Sweet. I have a blue label G19. They come with three mags instead of two. You do have to get it from a LE dealer so hopefully there is one fairly close to you. Nice choice.


----------



## donk123 (Jun 6, 2013)

gotta go with the 19. have a gen 4 and love it. am also looking for the best holster. size nor capacity is a problem. am considering night sights to replace that ugly rear outline.


----------



## cedarhill (Apr 9, 2013)

Purchased a 26 and I am getting better at shooting it. But I shoot it more accurately with an extended grip on the magazine.
J


----------



## desertman (Aug 29, 2013)

I have a G26 Gen4 .9mm at first I wished I bought the G27 .40 but was able to pick up a 50 round drum that is not available for the G27 unless I bought a .9mm conversion barrel for it. so I am not sorry, besides I have a Kahr MK40 all stainless which is my all time favorite.

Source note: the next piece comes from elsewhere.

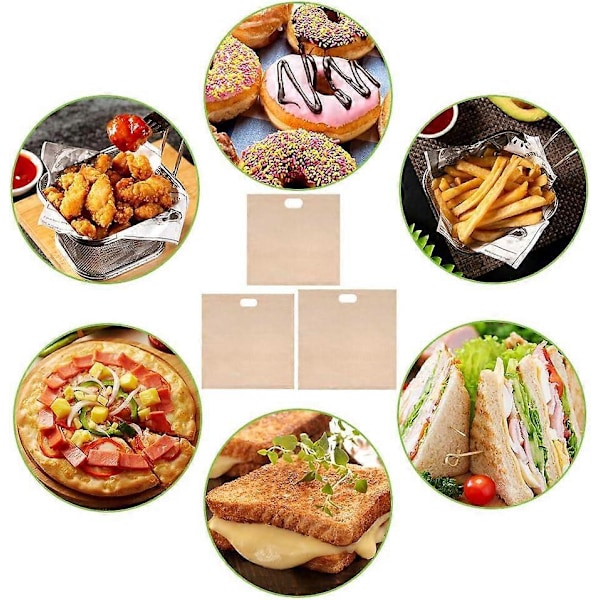 Toasterpose, Genanvendelige Toast Sandwich Poser FDA Godkendt Varmebestandig Non-Stick i 3 Forskellige Størrelser 6 Stykker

Because the G26 accepts other Glock .9mm magazines the G26 is a better choice.


----------



## Glock40man (Nov 5, 2013)

before I got my G27 I had just my G23 and was able to conceal it some what good. im 5'8 145lb havto wear a little bit bigger of shirt but other then that not bad. my 27 deff conceals better though. 19 is more versital so id go with that


----------